SNP candidate sorry over Twitter trollingAN SNP election candidate has apologised after posting offensive messages on Twitter likening anti-independence campaigners to **** collaborators and disparaging the elderly.
Neil Hay, who is aiming to dislodge Labour’s Ian Murray in Edinburgh South, suggested some elderly voters “can barely remember their names” in a series of posts under the pseudonym Paco McSheepie.
Despite insisting the account was old, it remained active until earlier this month – and was only deleted yesterday after the Evening News approached the SNP.
Scottish Labour deputy leader Kezia Dugdale today called for Mr Hay to be sacked, saying the issue was “a test of Nicola Sturgeon’s leadership”.

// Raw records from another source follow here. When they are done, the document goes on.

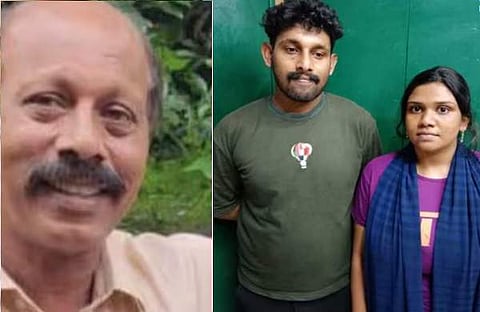 കൊല്ലപ്പെട്ട സിദ്ദിഖ്, പ്രതികളായ ഷിബിലിയും ഫര്ഹാനയും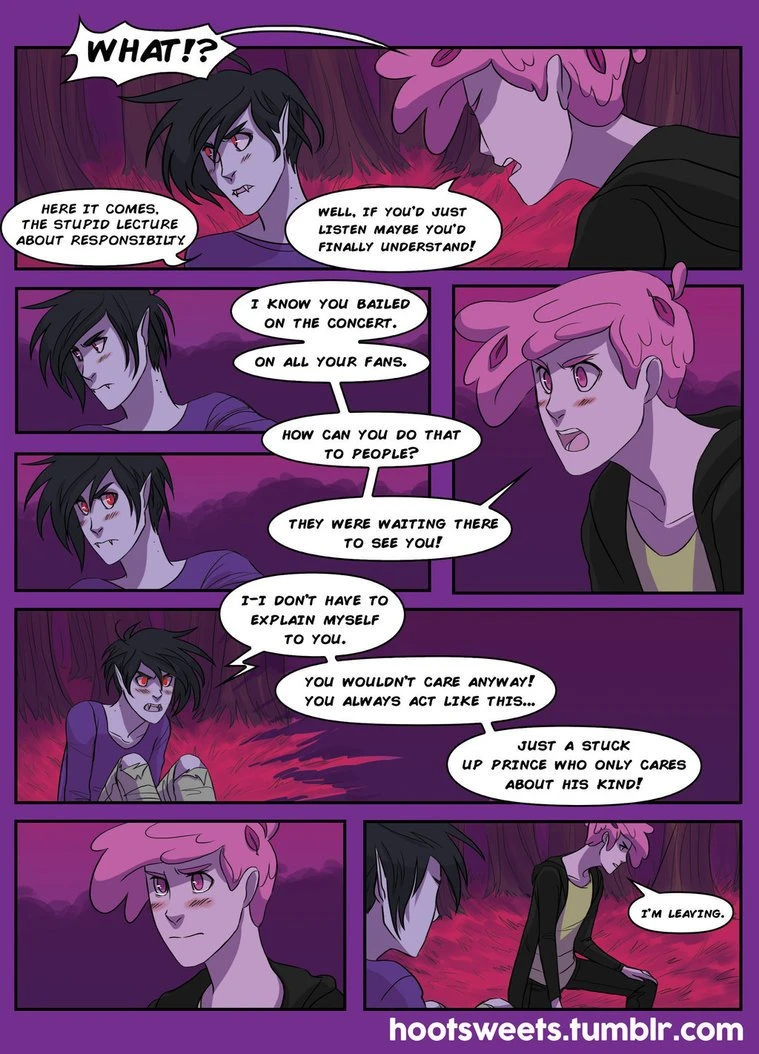 Just Your Problem porn comic picture 69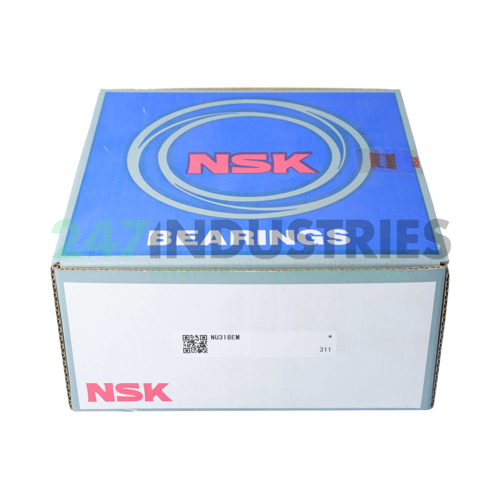 NU318EM NSK Image 4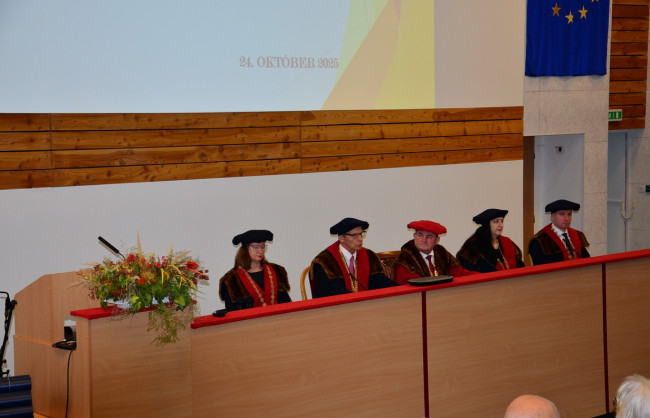 Zlatá promócia 2025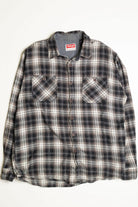 Wrangler Flannel Shirt
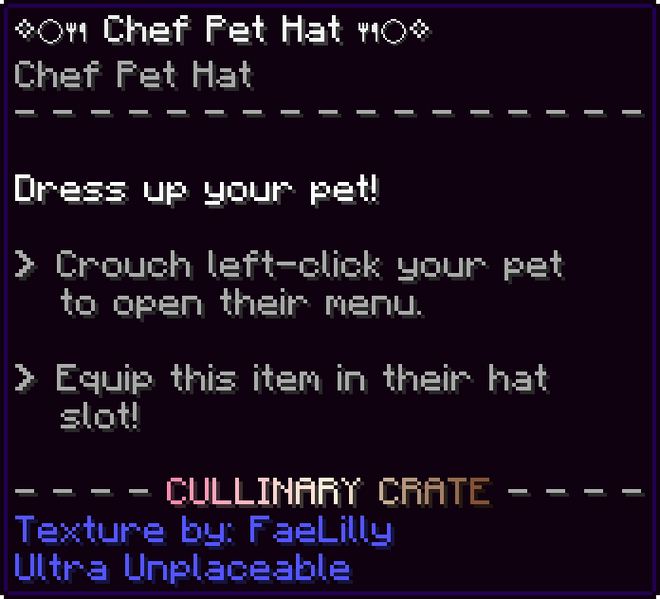 File:Chef Pet Hat Lore.png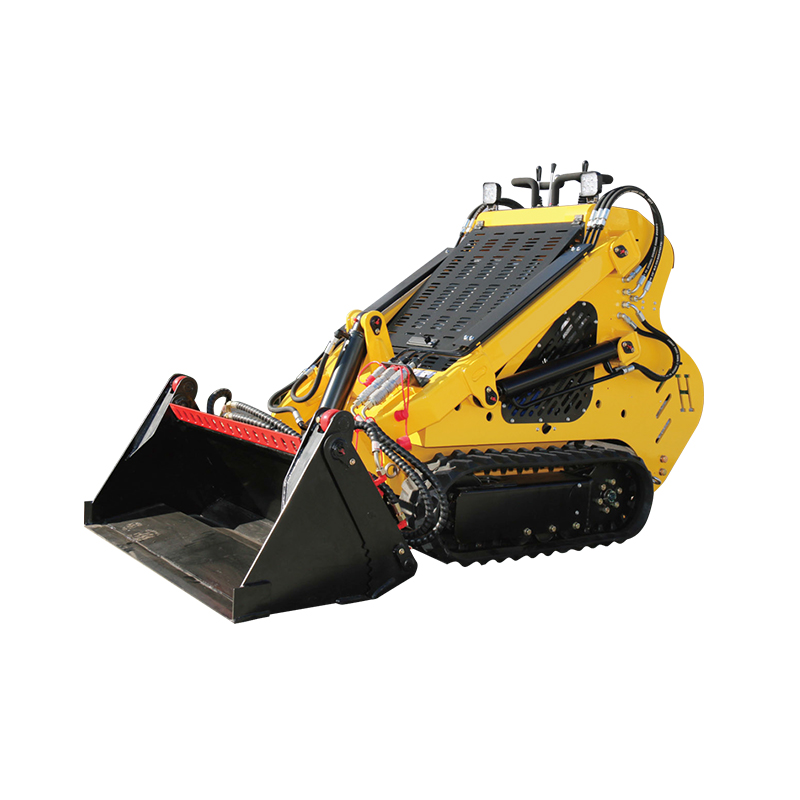 HT-323T微型滑移裝載機(jī) HT-323T微型滑移裝載機(jī)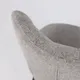 Миниатюра изображения товара Стул AksHome Jed (серый LB996-1/черный)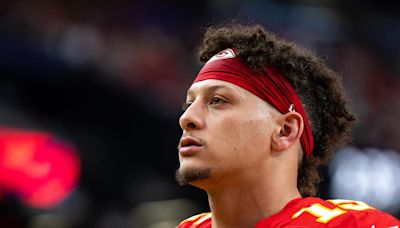 Chiefs Superstar Patrick Mahomes Begins His Eighth Training Camp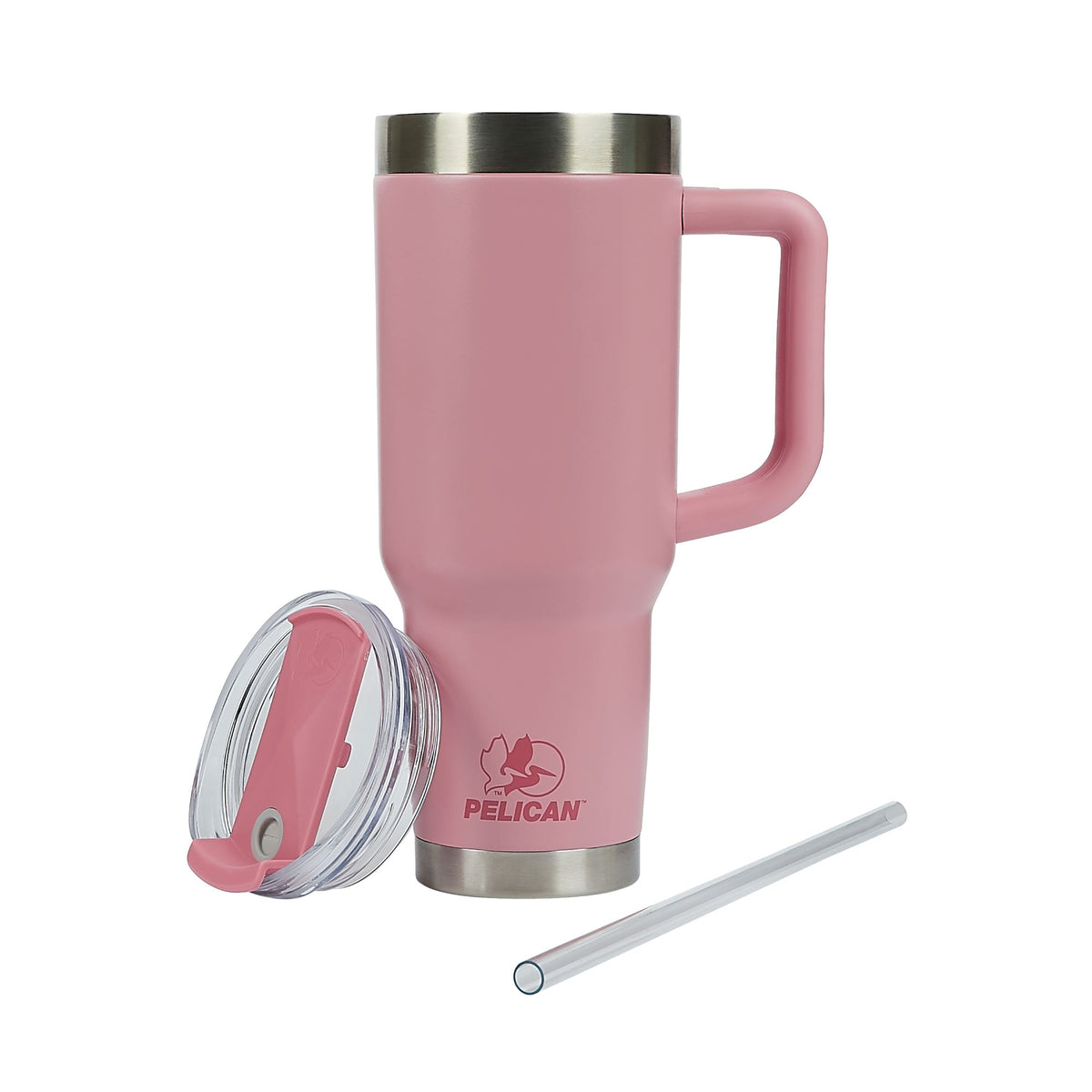 Pelican Porter 40 oz Insulated Tumbler - Rouge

Mr Hay posted many of the offensive tweets while he was officially running the Yes Scotland campaign in Edinburgh Southern.
One, on October 22, 2012, likened supporters of the UK to “Quislings” – a reference to the name of the **** collaborator who headed the puppet Norwegian government during Hitler’s occupation of the Scandinavian country.

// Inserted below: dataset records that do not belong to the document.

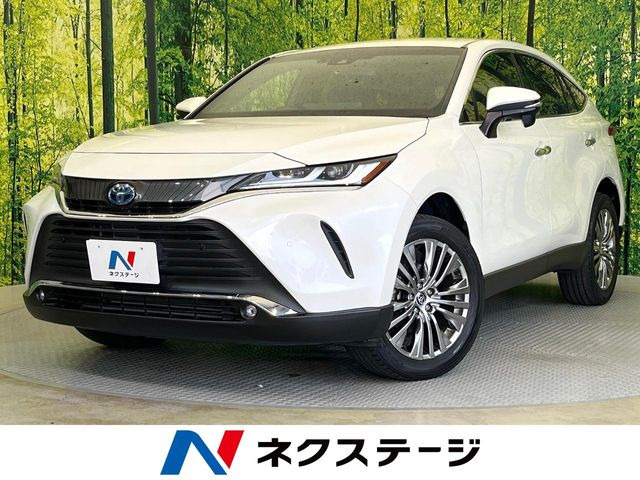 ハリアー 2.5 ハイブリッド Z 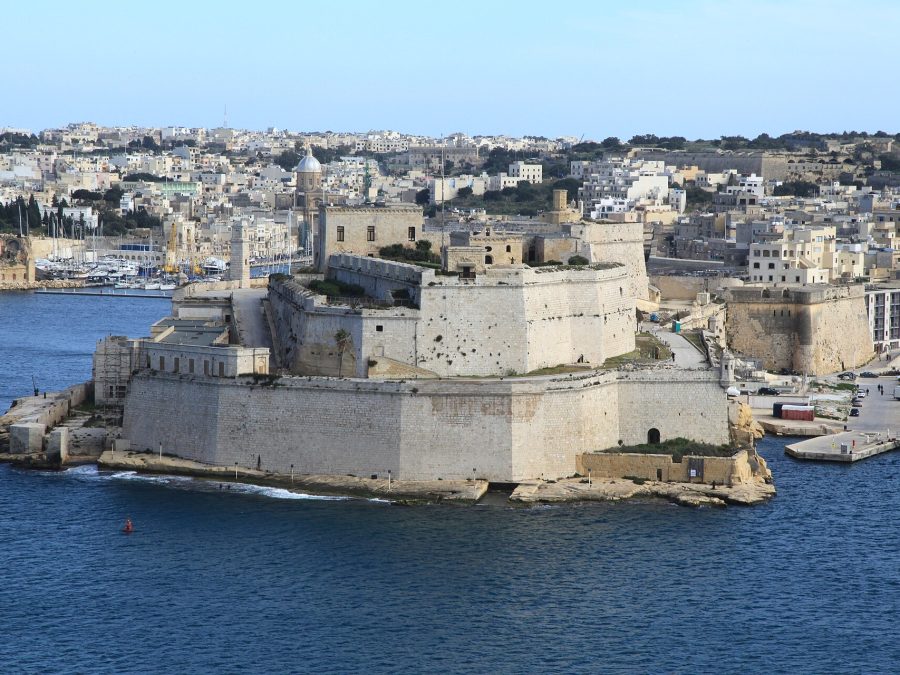 Fort St Angelo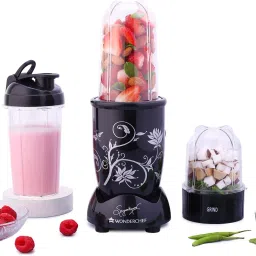Nutri-blend 500 W Juicer Mixer Grinder-16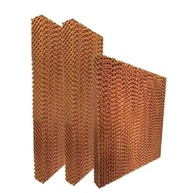 Kit Filtro Colmeia para Climatizador 3 Peças - Placas Evaporativas para 45L, 70L e 100L - imagem 1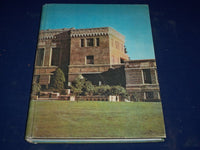 1942 OREGANA UNIVERSITY OF EUGENE OREGON YEARBOOK - GREAT PHOTOS - YB 877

However, the strongest attacks were aimed at pensioners. Two tweets on June 8, 2012, mocked some elderly voters for “barely knowing their own name”, and claimed: “The generation who vote the same way because they always have done are dying off.”
Today, Mr Hay said: “The words in these old tweets were poorly chosen, and I apologise for any offence caused. They are not in keeping with the way I would express myself now.

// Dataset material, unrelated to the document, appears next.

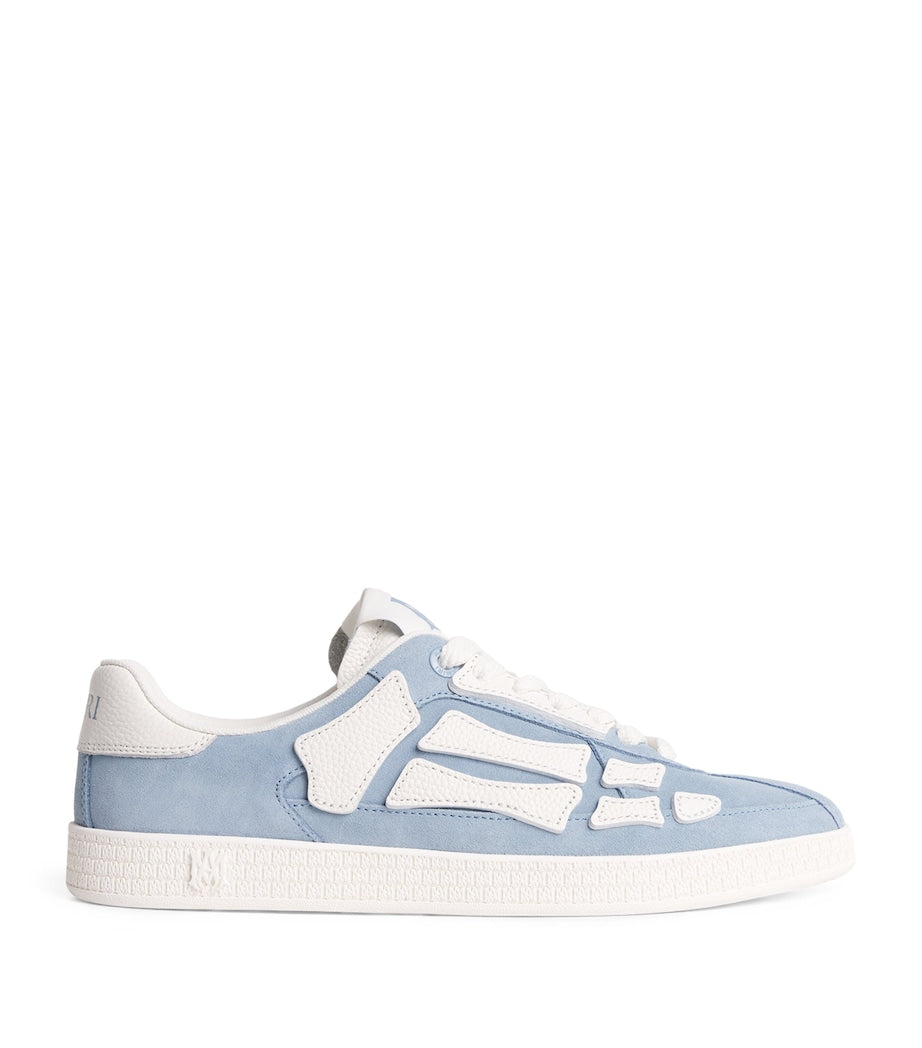 Leather Pacific Bones Sneakers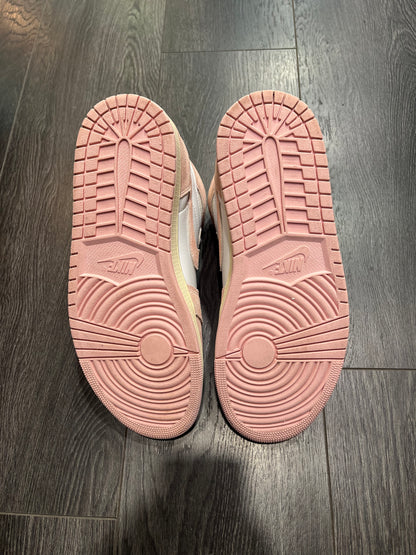 Air Jordan 1 High Washed Pink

“To make it clear that I and the way I express myself have moved on – I hope and believe for the better – I deleted this Twitter account, and only use my own campaign account.”
The businessman, who currently works as a full-time volunteer for the Edinburgh Cyrenians charity, also used the account to support Yes supporters shouting down Labour’s Glasgow Central MP Anas Sarwar, the only Muslim MP in Scotland, when he was speaking at a cross-party rally in support of the victims of violence in Gaza.
The Westminster candidate also claimed the UK parliament “has an attraction to the vile and greedy and can corrupt even those with good intentions”.
Ms Dugdale said the tweets showed there was “no distinction” between “keyboard warriors using offensive slurs and the SNP’s official representatives”.
She said: “Nicola Sturgeon must sack Neil Hay. When a journalist was called a quisling recently the SNP leader said that kind of language has absolutely no place in democratic political debate.
“This is a test for Nicola Sturgeon. Does she think it is acceptable for a parliamentary candidate to use an anonymous account to abuse his opponents? Does she think it is acceptable to compare the majority of Scots to **** collaborators?”
The news followed a poll by Lord Ashcroft which showed the Edinburgh South seat was on a knife edge, with the SNP three points ahead of Labour. Mr Murray won the seat in 2010 by just 316 votes.